(Beginning of TASK DATA)
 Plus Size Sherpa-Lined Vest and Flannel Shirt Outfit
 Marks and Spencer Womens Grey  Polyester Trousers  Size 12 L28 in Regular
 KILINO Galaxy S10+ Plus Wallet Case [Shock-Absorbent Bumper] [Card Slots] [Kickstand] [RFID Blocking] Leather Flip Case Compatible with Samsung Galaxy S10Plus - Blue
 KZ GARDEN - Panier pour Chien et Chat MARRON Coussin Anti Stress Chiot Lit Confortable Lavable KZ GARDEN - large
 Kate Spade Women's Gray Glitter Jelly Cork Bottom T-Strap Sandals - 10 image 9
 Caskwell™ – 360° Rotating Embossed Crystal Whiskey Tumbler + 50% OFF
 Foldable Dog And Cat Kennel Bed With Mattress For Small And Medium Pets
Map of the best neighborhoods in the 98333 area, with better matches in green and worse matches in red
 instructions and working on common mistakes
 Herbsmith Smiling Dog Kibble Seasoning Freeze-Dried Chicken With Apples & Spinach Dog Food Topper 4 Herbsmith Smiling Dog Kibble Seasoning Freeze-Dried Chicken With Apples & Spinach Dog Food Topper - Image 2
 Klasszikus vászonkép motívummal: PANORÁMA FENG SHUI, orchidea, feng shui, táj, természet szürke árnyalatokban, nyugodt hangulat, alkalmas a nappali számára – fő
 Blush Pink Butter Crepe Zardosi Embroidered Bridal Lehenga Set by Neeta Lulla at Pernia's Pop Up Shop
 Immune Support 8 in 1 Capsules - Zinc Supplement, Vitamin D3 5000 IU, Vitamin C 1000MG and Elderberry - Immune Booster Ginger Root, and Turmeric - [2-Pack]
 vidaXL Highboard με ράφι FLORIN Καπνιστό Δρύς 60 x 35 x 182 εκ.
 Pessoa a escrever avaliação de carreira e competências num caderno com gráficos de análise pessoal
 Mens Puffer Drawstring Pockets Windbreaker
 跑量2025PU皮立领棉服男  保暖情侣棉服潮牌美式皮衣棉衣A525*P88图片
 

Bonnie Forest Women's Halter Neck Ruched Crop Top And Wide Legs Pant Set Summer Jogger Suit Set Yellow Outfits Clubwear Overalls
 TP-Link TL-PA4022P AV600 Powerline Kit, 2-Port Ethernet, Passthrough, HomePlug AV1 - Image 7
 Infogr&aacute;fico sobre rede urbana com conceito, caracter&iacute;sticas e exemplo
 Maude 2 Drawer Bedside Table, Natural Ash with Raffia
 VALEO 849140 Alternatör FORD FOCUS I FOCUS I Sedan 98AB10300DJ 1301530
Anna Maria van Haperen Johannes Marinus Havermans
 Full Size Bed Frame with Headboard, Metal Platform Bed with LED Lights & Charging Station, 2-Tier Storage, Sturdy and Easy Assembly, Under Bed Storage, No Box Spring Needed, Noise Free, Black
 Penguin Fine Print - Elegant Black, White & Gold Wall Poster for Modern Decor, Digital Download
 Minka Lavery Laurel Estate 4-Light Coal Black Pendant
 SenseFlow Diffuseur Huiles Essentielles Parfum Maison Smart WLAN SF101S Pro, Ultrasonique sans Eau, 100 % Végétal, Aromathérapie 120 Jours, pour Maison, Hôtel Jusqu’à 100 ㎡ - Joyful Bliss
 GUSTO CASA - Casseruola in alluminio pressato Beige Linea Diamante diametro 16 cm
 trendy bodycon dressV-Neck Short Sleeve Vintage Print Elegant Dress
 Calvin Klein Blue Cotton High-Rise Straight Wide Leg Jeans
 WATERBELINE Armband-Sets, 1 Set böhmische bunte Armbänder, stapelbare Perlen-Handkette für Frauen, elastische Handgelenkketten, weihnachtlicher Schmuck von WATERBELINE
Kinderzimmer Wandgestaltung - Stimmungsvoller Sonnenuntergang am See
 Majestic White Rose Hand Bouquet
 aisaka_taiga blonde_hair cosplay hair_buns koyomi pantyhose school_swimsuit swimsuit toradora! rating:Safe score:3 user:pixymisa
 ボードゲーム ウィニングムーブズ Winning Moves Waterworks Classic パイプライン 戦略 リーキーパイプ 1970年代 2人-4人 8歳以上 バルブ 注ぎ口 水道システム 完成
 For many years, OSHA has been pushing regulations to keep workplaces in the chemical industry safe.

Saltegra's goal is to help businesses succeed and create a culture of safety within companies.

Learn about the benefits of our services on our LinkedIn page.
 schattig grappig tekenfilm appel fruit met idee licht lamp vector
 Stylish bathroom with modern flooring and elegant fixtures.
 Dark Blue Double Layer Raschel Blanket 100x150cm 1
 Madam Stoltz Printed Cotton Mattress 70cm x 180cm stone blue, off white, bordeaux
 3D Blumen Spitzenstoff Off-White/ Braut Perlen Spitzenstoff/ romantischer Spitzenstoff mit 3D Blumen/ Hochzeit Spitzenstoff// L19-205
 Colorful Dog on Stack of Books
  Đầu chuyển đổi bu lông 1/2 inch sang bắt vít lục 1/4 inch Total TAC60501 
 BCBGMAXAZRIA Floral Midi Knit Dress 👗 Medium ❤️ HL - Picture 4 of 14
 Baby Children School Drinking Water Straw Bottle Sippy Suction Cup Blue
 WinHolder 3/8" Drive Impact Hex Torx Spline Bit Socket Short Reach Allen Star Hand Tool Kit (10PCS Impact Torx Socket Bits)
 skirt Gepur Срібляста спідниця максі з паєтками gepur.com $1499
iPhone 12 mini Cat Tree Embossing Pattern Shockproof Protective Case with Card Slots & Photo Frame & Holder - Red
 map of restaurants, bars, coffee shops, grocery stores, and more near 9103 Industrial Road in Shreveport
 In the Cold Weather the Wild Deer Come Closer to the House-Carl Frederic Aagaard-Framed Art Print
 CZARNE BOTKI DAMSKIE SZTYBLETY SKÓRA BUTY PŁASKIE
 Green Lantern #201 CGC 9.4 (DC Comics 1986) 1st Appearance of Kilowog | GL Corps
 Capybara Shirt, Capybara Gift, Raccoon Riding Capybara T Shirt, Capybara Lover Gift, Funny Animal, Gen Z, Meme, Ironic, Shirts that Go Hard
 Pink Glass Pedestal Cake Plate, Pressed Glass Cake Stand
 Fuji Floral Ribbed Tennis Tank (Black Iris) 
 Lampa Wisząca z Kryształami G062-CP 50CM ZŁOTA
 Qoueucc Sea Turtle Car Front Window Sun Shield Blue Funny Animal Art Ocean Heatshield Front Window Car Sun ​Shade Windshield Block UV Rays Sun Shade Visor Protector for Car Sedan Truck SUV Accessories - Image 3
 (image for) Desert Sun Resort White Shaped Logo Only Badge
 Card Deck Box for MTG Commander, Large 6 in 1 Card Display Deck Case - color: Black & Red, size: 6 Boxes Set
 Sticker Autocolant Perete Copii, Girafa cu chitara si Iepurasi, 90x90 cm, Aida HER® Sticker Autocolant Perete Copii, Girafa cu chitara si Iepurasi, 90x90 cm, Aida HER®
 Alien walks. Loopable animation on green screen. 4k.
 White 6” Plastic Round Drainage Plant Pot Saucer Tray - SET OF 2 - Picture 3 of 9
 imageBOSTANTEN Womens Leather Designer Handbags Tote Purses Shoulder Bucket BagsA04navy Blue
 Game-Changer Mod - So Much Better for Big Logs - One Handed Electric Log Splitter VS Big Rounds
(End of TASK DATA)
- **ACTIVITY**
Filter the entries down to the lines that hold "Sedan". Copy those lines.

- **RESPONSE**
 VALEO 849140 Alternatör FORD FOCUS I FOCUS I Sedan 98AB10300DJ 1301530
 Qoueucc Sea Turtle Car Front Window Sun Shield Blue Funny Animal Art Ocean Heatshield Front Window Car Sun ​Shade Windshield Block UV Rays Sun Shade Visor Protector for Car Sedan Truck SUV Accessories - Image 3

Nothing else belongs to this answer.